* What to do: Every line from the one with "To control the" through the end of the entries below should be written out exactly; the pictures should not.

######

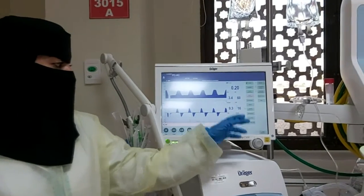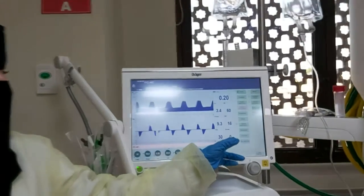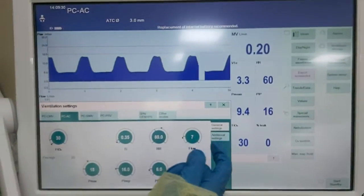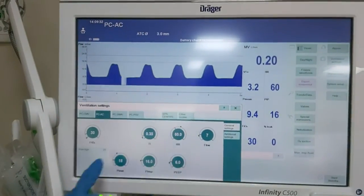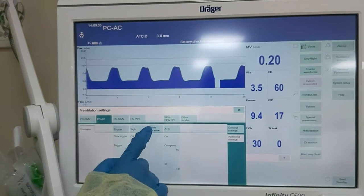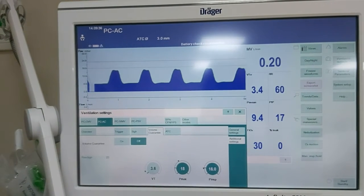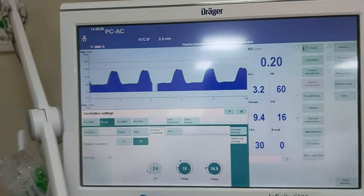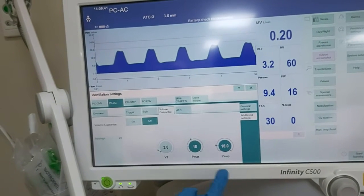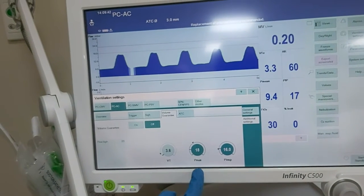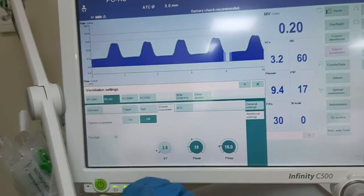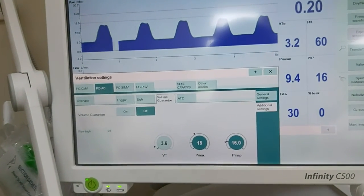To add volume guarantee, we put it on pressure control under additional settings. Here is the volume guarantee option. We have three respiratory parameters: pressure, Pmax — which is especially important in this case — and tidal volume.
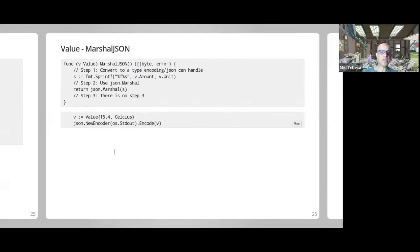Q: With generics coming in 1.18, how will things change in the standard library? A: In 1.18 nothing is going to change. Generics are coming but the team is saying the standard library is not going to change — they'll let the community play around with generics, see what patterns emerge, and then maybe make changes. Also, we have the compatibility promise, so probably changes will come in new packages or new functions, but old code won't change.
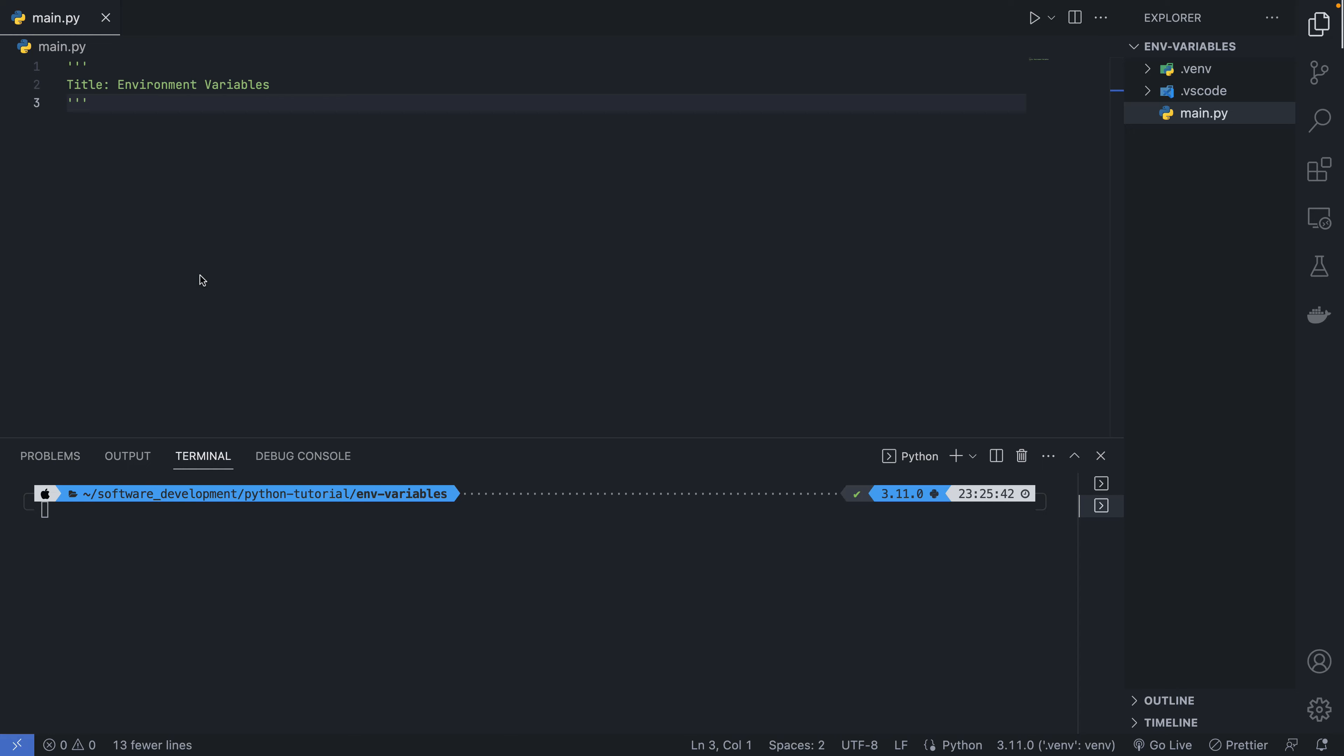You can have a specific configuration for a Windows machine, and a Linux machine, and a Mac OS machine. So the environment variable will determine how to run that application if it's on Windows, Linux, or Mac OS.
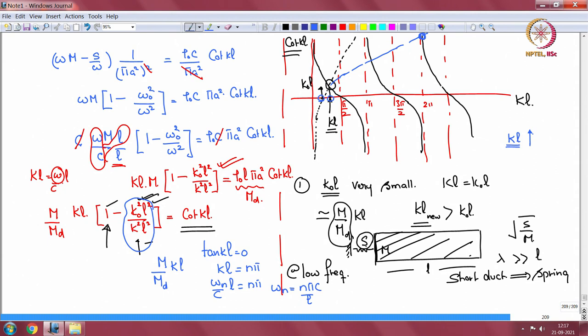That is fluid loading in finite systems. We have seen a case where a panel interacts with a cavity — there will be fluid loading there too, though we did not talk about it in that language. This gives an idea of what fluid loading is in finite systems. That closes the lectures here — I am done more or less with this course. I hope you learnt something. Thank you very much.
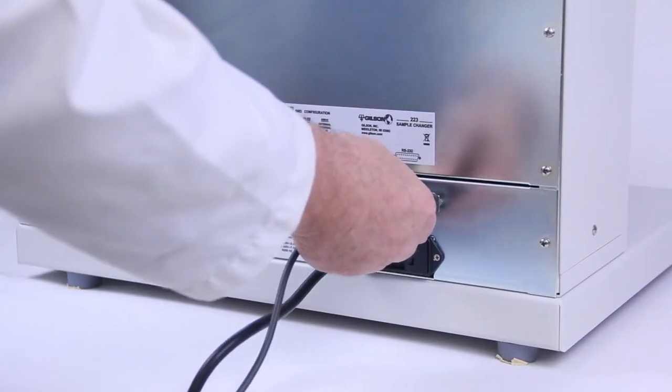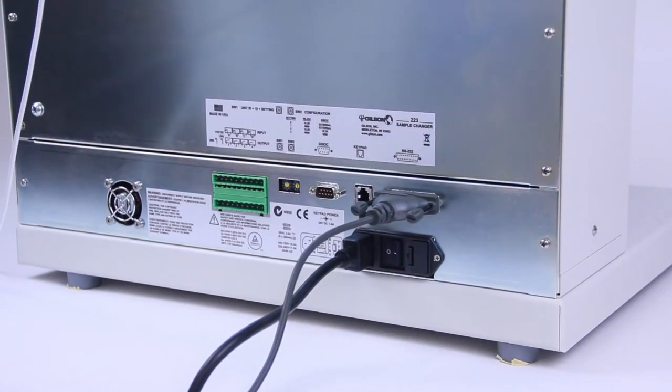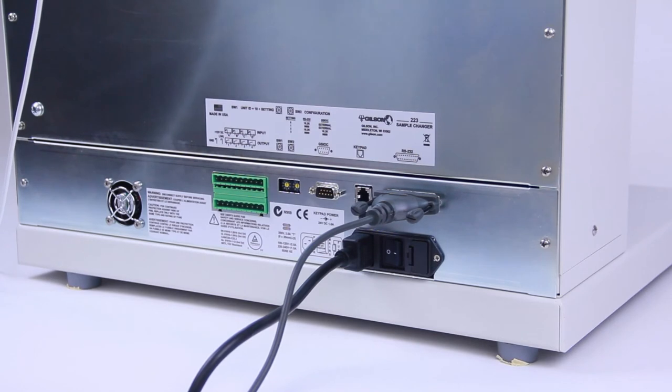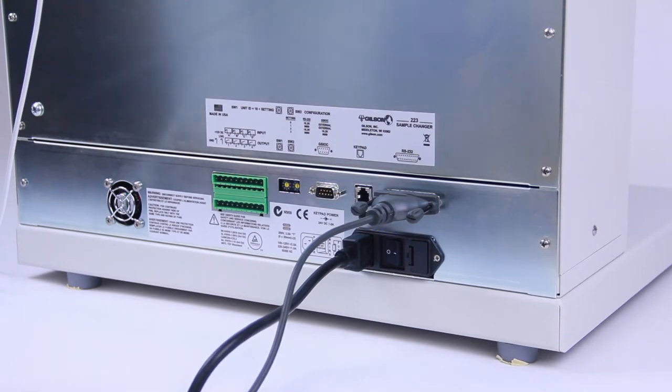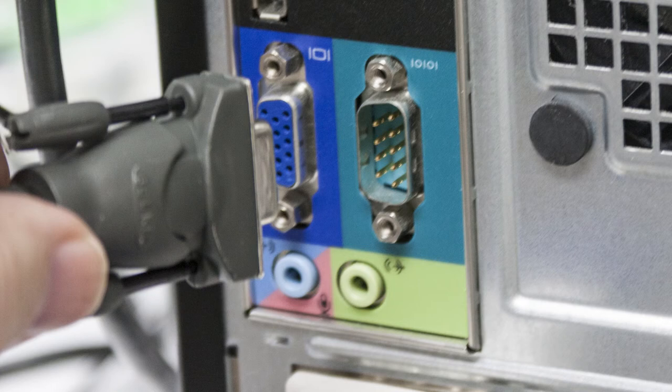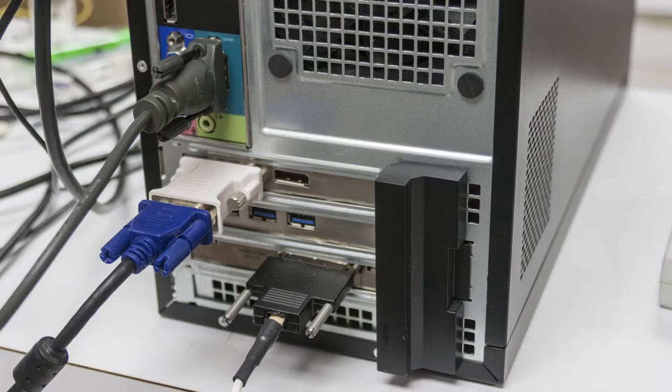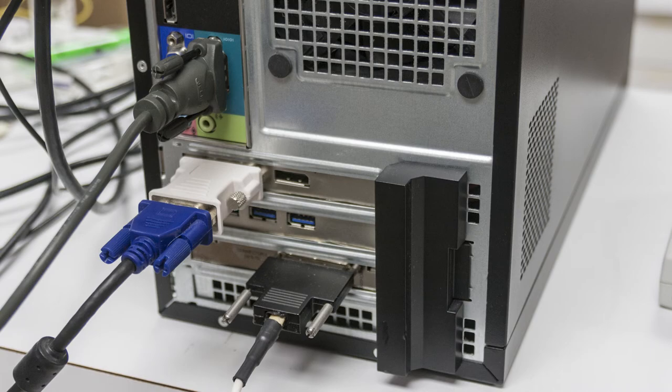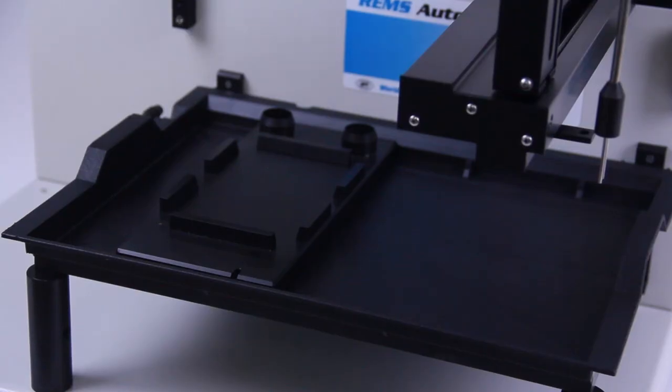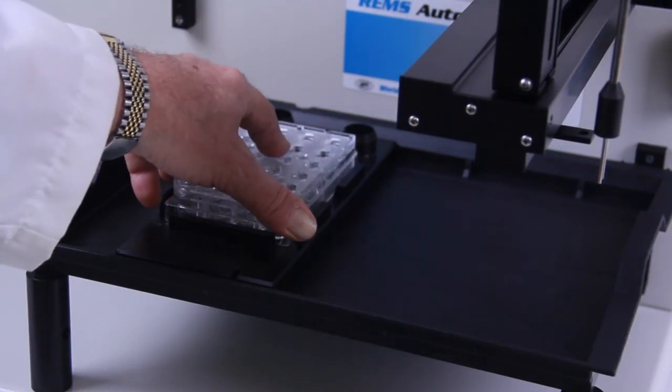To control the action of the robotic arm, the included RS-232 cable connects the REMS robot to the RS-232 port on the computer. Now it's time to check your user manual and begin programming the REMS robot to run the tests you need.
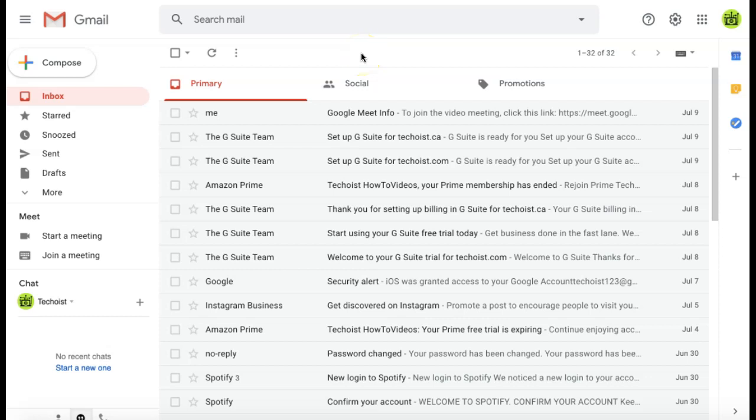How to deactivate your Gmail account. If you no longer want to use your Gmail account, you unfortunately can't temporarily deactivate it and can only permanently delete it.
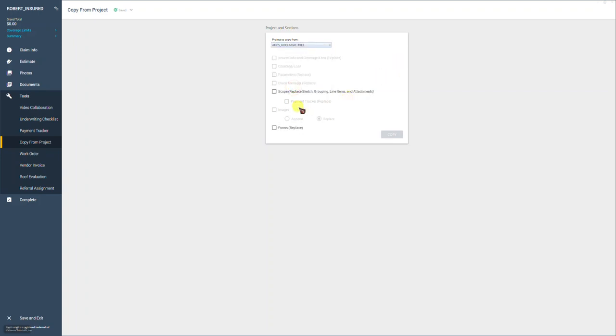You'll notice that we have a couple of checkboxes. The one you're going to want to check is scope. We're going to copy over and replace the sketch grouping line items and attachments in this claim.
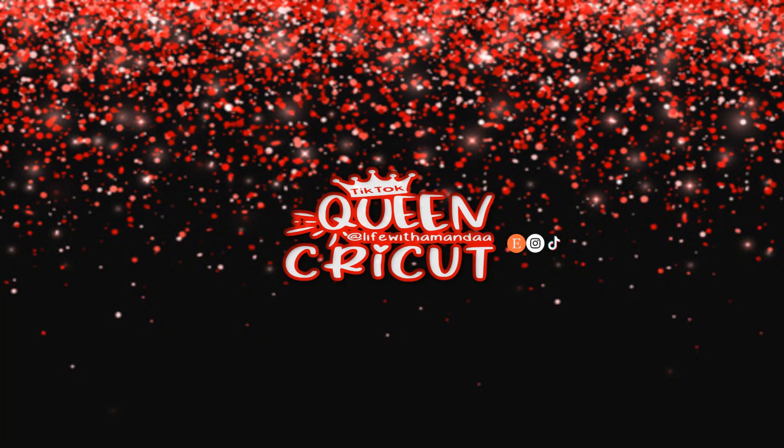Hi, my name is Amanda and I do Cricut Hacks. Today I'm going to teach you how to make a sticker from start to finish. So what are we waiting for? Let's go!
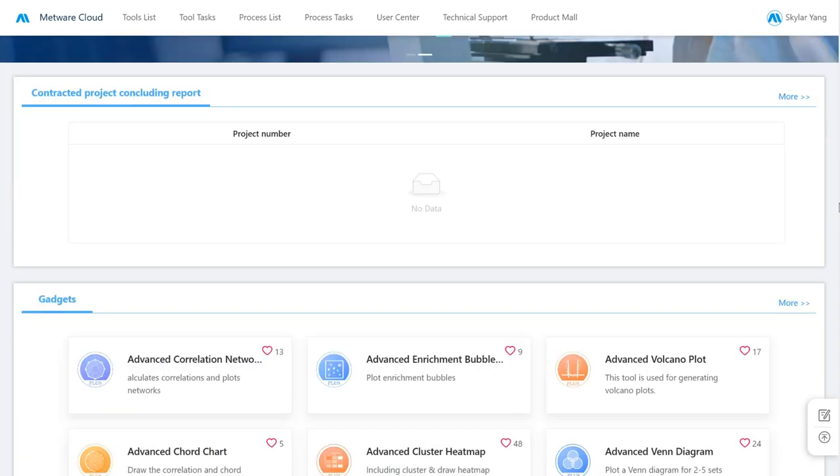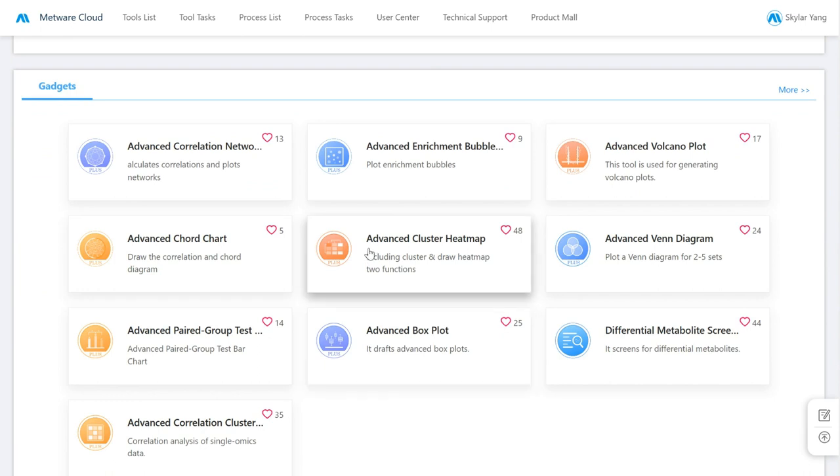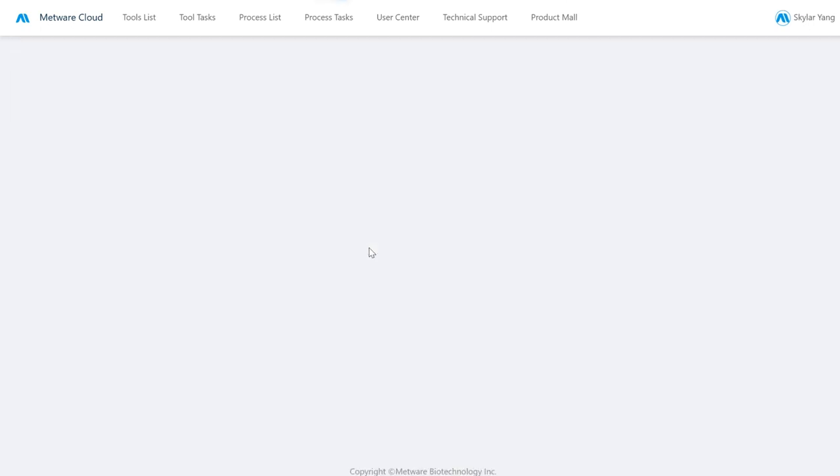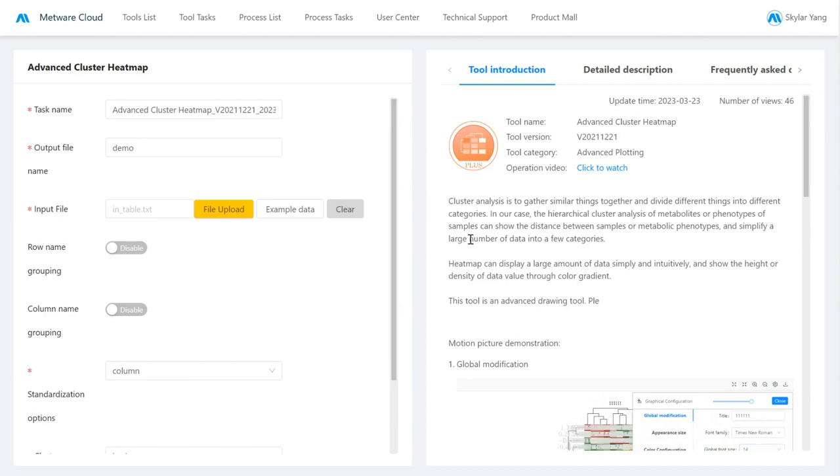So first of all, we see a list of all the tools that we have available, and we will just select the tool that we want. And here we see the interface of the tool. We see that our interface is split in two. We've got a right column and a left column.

######

* Task response:
To control the action of the robotic arm, the included RS-232 cable connects the REMS robot to the RS-232 port on the computer. Now it's time to check your user manual and begin programming the REMS robot to run the tests you need.
How to deactivate your Gmail account. If you no longer want to use your Gmail account, you unfortunately can't temporarily deactivate it and can only permanently delete it.
You'll notice that we have a couple of checkboxes. The one you're going to want to check is scope. We're going to copy over and replace the sketch grouping line items and attachments in this claim.
Hi, my name is Amanda and I do Cricut Hacks. Today I'm going to teach you how to make a sticker from start to finish. So what are we waiting for? Let's go!
So first of all, we see a list of all the tools that we have available, and we will just select the tool that we want. And here we see the interface of the tool. We see that our interface is split in two. We've got a right column and a left column.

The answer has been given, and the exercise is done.